3Weight train your way to stronger hips. Cardio and machines are great but there are few strength training equivalents to free weights. Weight training can be a little more difficult than other strengthening exercises, but if done properly and safely yields great results.
- Use bench step up exercises to build strength. Find a dumbbell weight that you are comfortable with. Hold a dumbbell in each hand down to your side. Stand in front of a bench lengthwise. Step up with your right foot, holding your left leg to the side. Hold for three seconds then repeat with the other foot.
- Bent knee deadlifts get the benefits of the Olympic dead lift without the same strain. Again, find a light dumbbell and hold one in each hand. Stand with your feet shoulder length apart, holding each dumbbell with your palms facing in. Keeping your head up, shoulders back and knees slightly bent, bend forward slightly, lowering the dumbbells along your legs. Keep your body weight above your heels and slowly return to a starting position.
- Use dumbbell lunges to stretch your hips. Keep a dumbbell in each hand and stand upright. Step forward with your right foot, keeping your left leg stationary behind. Lower your upper body down while maintaining your balance. Using the heel of your forward foot, return to your starting position.
Method Three of Three:
Using Yoga to Build Hip Muscles
1Attend a yoga class to build hip muscles.
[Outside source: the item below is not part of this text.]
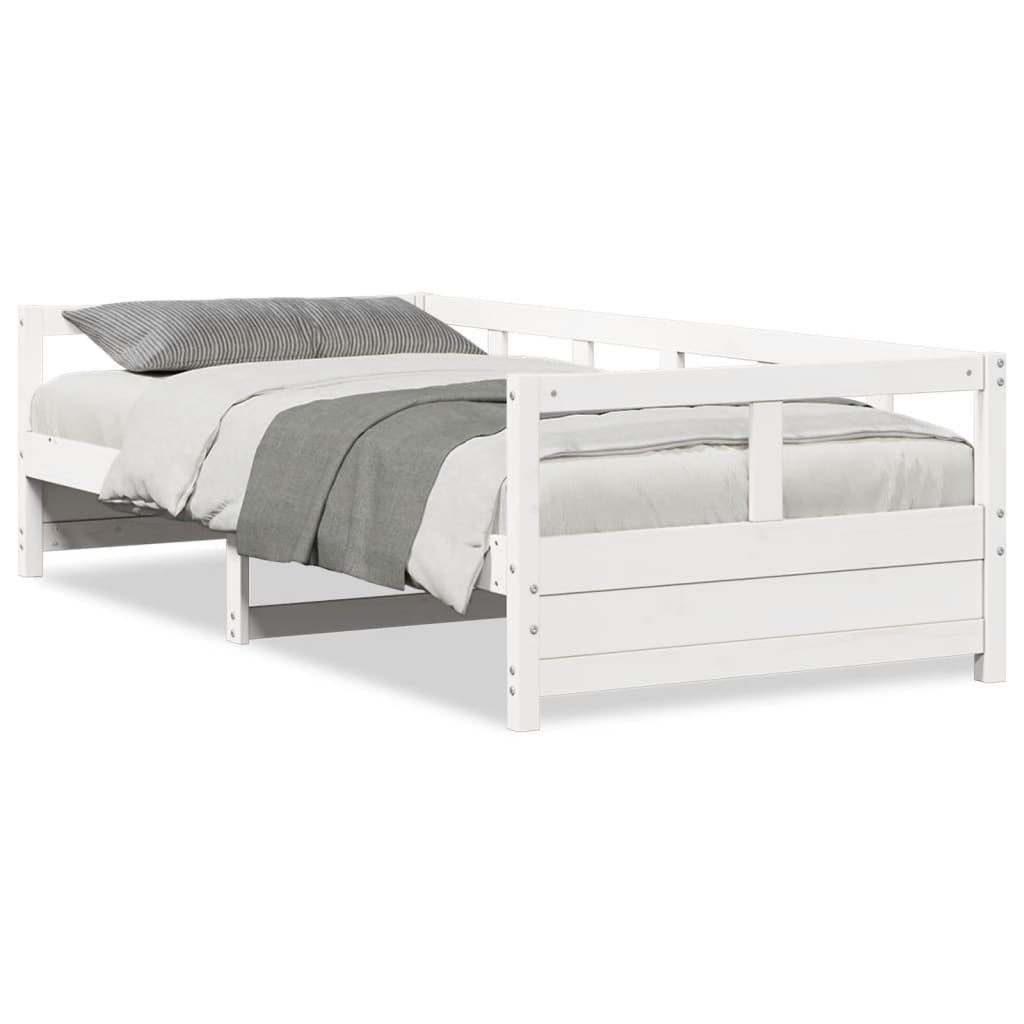 White Solid Pine Daybed Frame 90x200 cm - No Mattress Included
Yoga is a great way to build and stretch muscles. It's a taxing exercise routine without the brunt force or trauma that can come with jogging or weight lifting. If you're not experienced with yoga, try to find a beginner class where an experienced teacher will help you work up slowly.
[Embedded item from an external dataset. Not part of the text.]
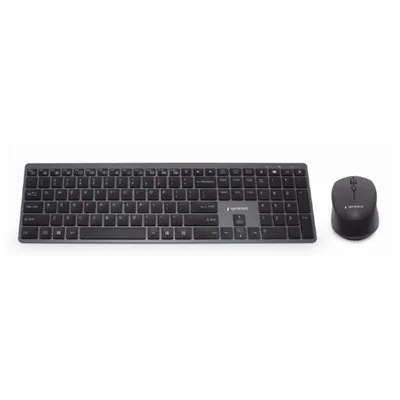 Gembird ECLIPSE M500 PRO Ultra Fit Kit Teclado Retroiluminado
2Try the lizard-lower lunge. Do this by putting your left foot several feet in front of your right foot. Place your right knee against the ground while keeping your left leg at a 90 degree angle. Slowly work your left leg out to the side while keeping your elbows as near the ground as possible. Keep your hips parallel while you do this pose.
- Slowly stretch your hamstrings and leg muscles until you can hold this pose properly. Try standing with your feet together and touching your toes to help limber your hamstrings. This will help your lower half be prepared to lunge forward.
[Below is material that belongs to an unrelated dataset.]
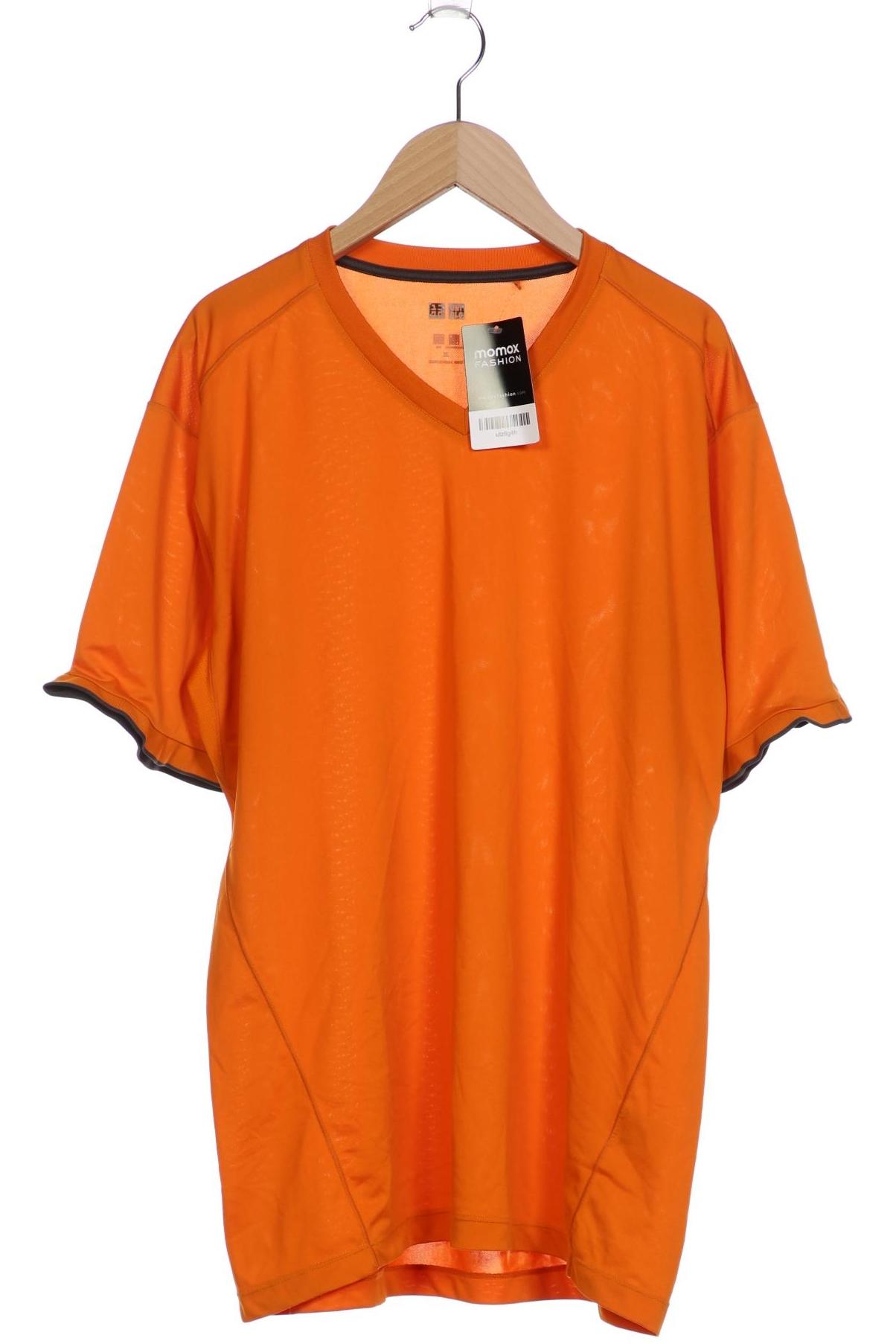 

uniqlo Herren T-Shirt, orange, Gr. 54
3Use the happy baby pose. Lay on your back. Grab both feet with each hand and pull your knees toward your arm pits. Once you feel comfortably situated, rock from side to side, keeping your head on the floor. This will externally rotate your hips. 
- This pose relies a lot on balance. Start by laying on your back and getting used to balancing your weight to achieve the rocking motion without falling over.
- Once you can do this with ease you can gradually move your legs closer to your hands until you can pull your knees back toward your chest with ease. You can also have a friend help stretch your legs in the beginning while you're on your back.
4Try the frog leg pose to stretch hip muscles. Sit on the floor with your spine as straight as possible. Stack the right leg on top of your left leg in a curled position in front of you, lining up your right ankle and left leg. 
- This can be a challenging pose for a novice. Begin by just sitting in a crossed legged position to see how this feels to your hips.
- You can gradually push your body from this position as much as you feel comfortable without straining. You can also use yoga blocks underneath the stacked leg if you find this stretch too difficult.